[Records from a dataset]
____

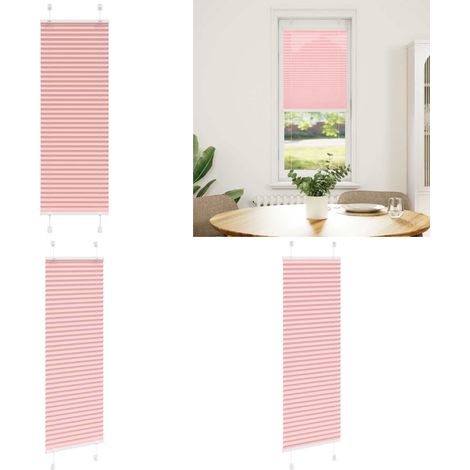 vidaXL Store plissé rose 40x150 cm largeur du tissu 39,4 cm polyester (1/5)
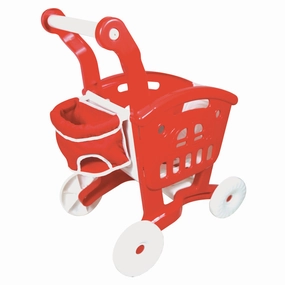 Lissi Doll Shopping Cart with Food Accessories Playset for Kids Ages 2 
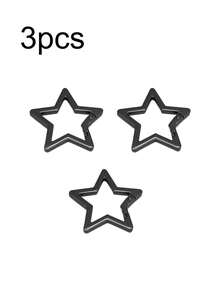 Metall Stern Federschnalle, O-Ring kann Handtaschenriemen-Schnalle öffnen, Outdoor Camping und Wandern Zubehör, DIY Taschenanhänger, Autoschüsselbundverbindung, DIY Anhänger Öffnungsring, Taschengurt Verbindungsschnalle, DIY Anhänger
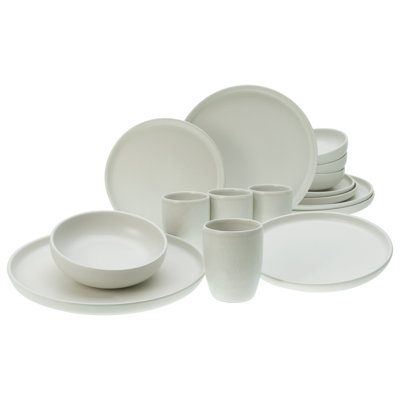 16-Piece Crockery Set Uno Made Of Stoneware For 4 People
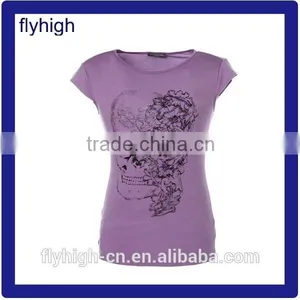 Jewelled Skull Printing Cheap Custom T Shirts thumbnail-2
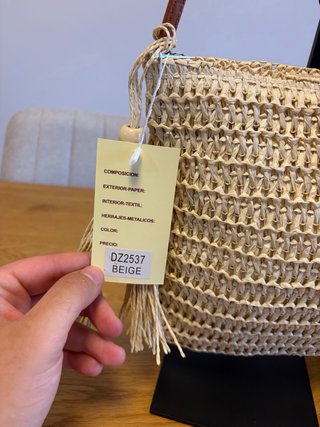 Bolso Rafia Beige Queen Bags Verano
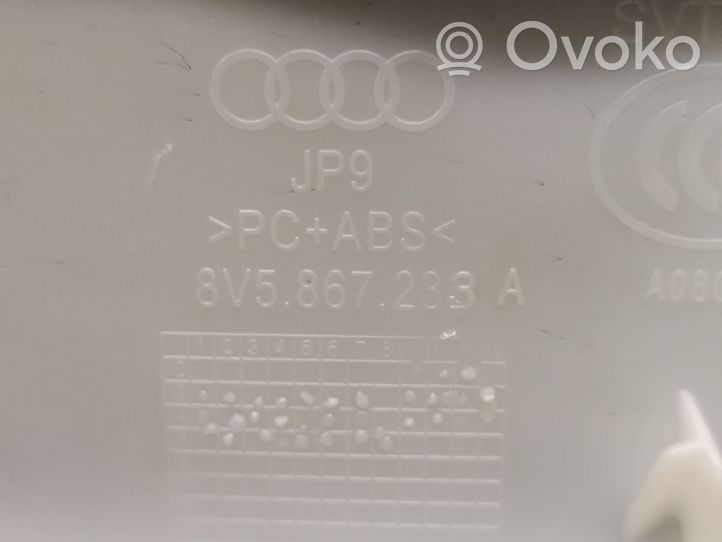 Audi A3 S3 8V Kita slenkscių/ statramsčių apdailos detalė 8V5867233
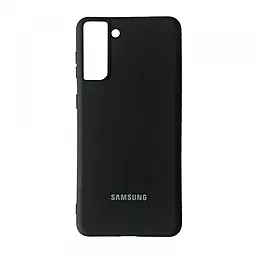 Чехол Epik Silicone Case Full для Samsung Galaxy S21 Plus Black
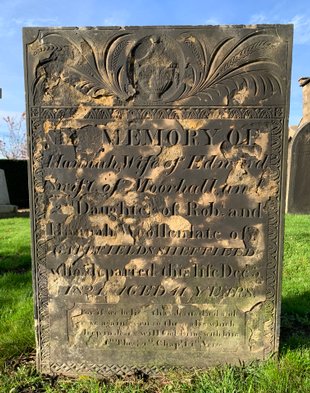 Headstone of Hannah Swift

____

=== Exercise ===
An acceptable answer holds exactly the lines from the one with "16-Piece Crockery Set" through the end of the entries above, both ends kept, and no pictures at all.

=== Written solution ===
 16-Piece Crockery Set Uno Made Of Stoneware For 4 People
 Jewelled Skull Printing Cheap Custom T Shirts thumbnail-2
 Bolso Rafia Beige Queen Bags Verano
 Audi A3 S3 8V Kita slenkscių/ statramsčių apdailos detalė 8V5867233
 Чехол Epik Silicone Case Full для Samsung Galaxy S21 Plus Black
 Headstone of Hannah Swift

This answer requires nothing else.